Ia berkata, “Yang paling ikhlas dan paling benar amalnya.” Kemudian ia ditanya, “Wahai
Abu Ali!, Apa itu yang paling Ikhlas dan paling benar?” ia menjawab, “Sesungguhnya amal jika dalam keadaan ikhlas dan tidak benar, tidak akan diterima. Jika dalam keadaan benar dan tidak ikhlas, tidak diterima pula. Amal itu harus ikhlas dan benar /ittiba’ (pengikutan, sesuai apa yang dicontohkan dan diperintahkan/mengikuti syariah). Amal yang ikhlas adalah amal yang karena Alloh, dan amal yang benar yaitu amal yang berdasarkan as-Sunnah (sunnah rosululloh saw).”

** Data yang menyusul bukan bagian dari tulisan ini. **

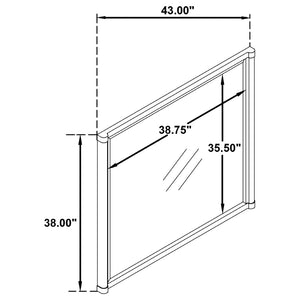English Elm Robinson White Laminate Four Piece Bedroom Suite with Grey Upholstered Bed and Nickel Accents B062S02114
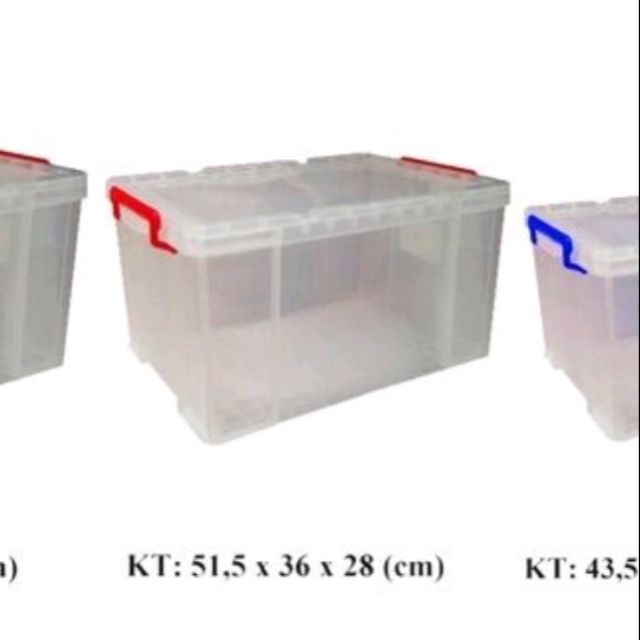 Combo 3 thùng nhựa mỹ 2555-2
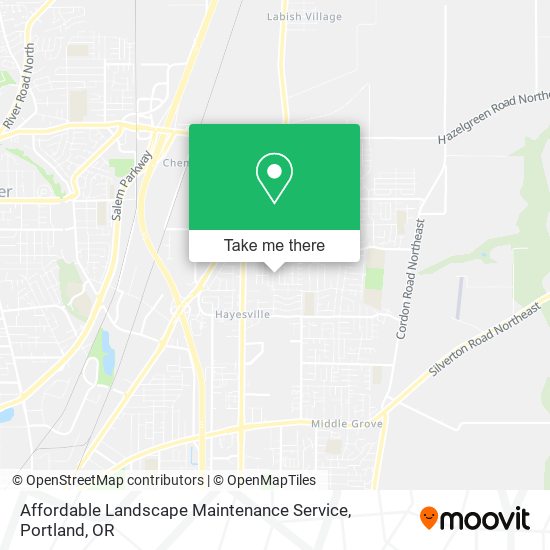 Mapa de Affordable Landscape Maintenance Service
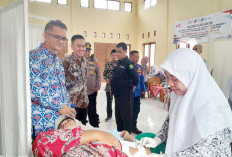 DPPKB OKU - IBI Gelar Layanan KB Gratis di Desa Karya Mukti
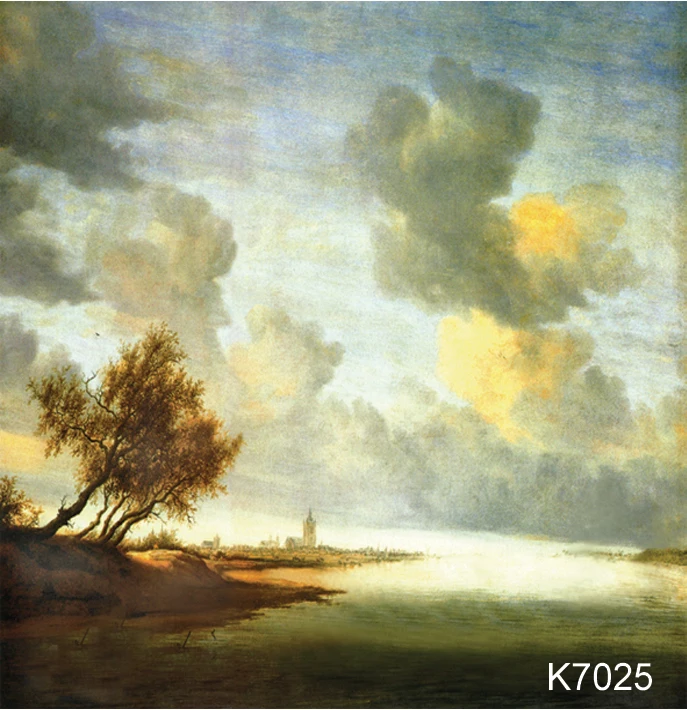 Муслиновый фон ручной росписи K7025, 10 футов х 20 футов, природный Живописный фон для фотосъемки, свадебный фон, Живописные фоны для фотосъемки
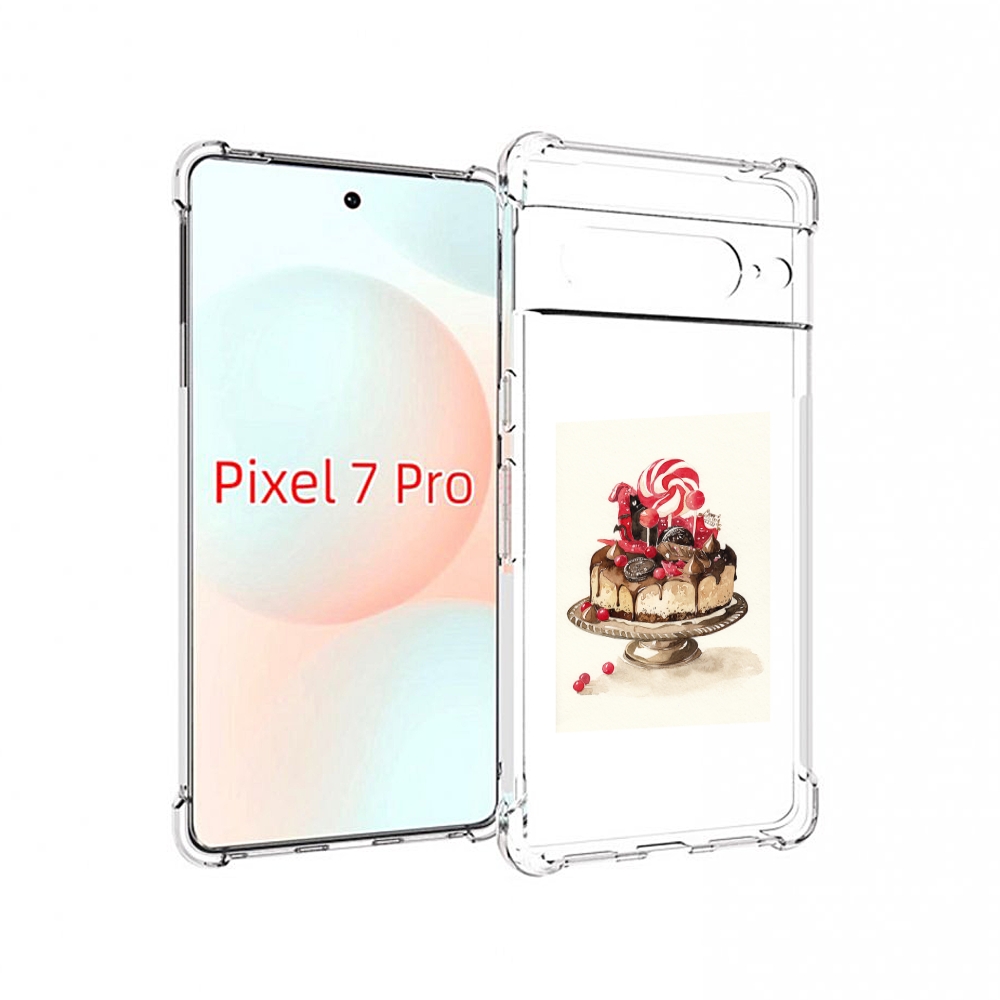 

Чехол Mypads Вкусный Торт Для Google Pixel 7 Pro, Прозрачный, Tocco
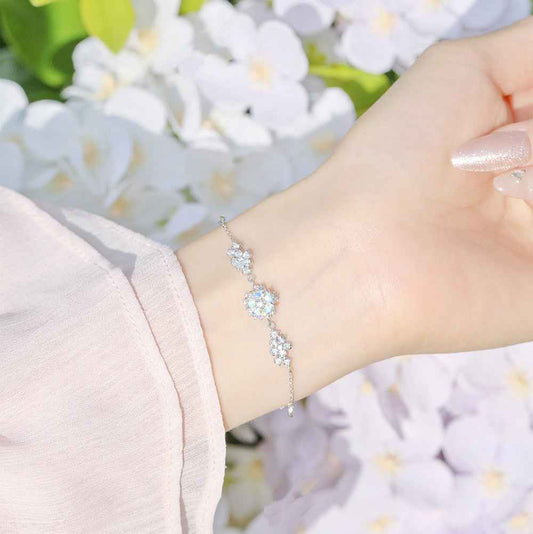 Petal Reverie Rotating Sakura Jewelry Set 925 Sterling Silver Zircon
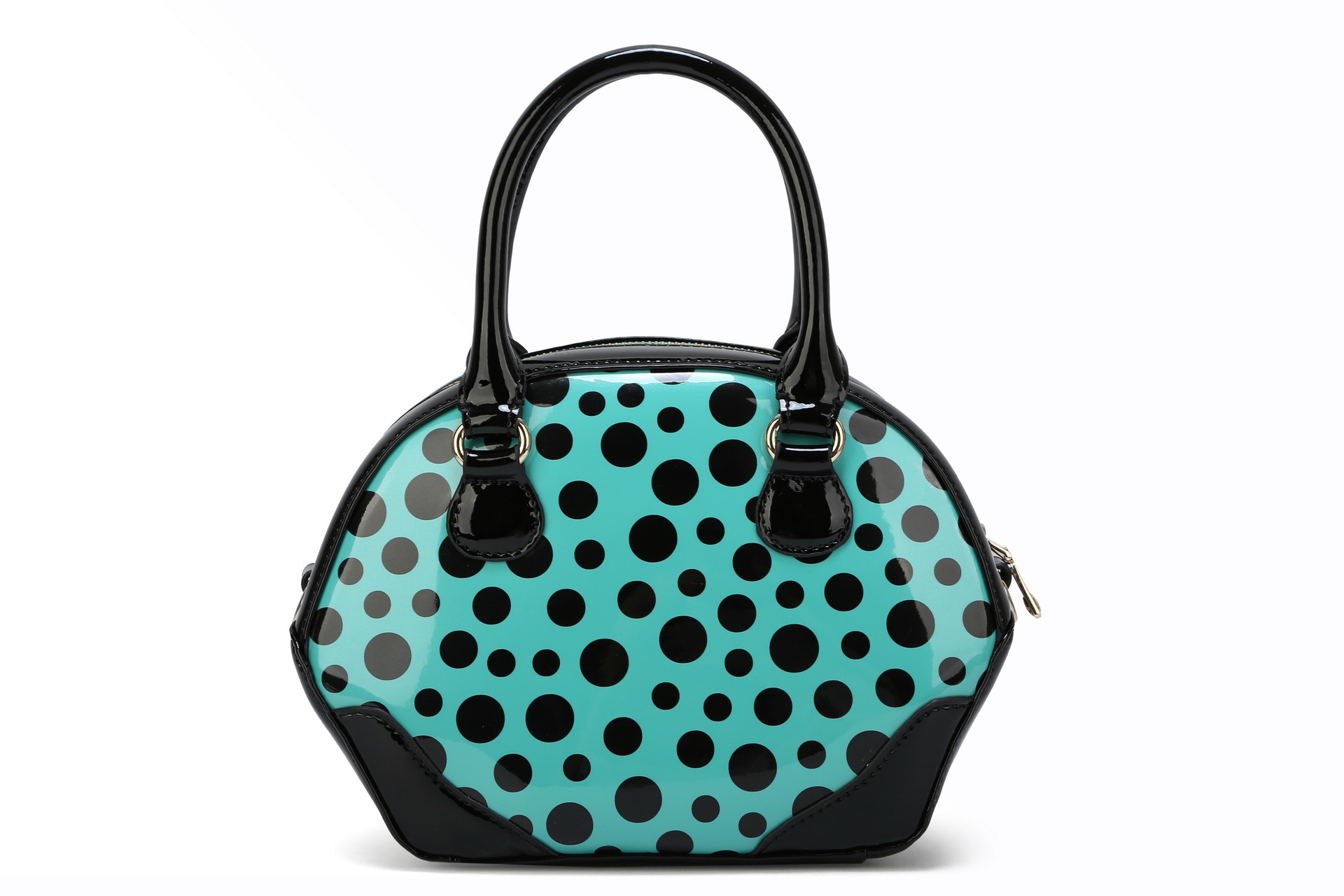 时尚流行可爱笑脸波点真皮女士包包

Saudaraku, keumuman dari Syirik kecil (Syrik Ashghor) hukumnya tidak menjadikan seseorang keluar dari Islam, tetapi hal ini dapat menyebabkannya menjadi syirik Akbar, tergantung keadaan orang tersebut dan tujuannya. Dia wajib bertaubat dari syirik ini dan dari segala dosa. Apakah kita ingin, amal ibadah kita menjadi sia-sia?


Referensi:
  1. Surat dari Imam Abdul ‘Aziz bin Muhammad bin Sa’ud, untuk Para Ulama Islam.
  2. Jami’ al ‘Ulum wa al Hikam.
  3. 1100 Hadits Terpilih (Sinar Ajaran Muhammad), Dr. Muhammad Faiz Almath, Gema Insani Press.
  4. Kitab at-Tauhid.
  5. Fathul Majid, Syaikh Abdurrahman Hasan Alu Syaikh, Pustaka Azzam.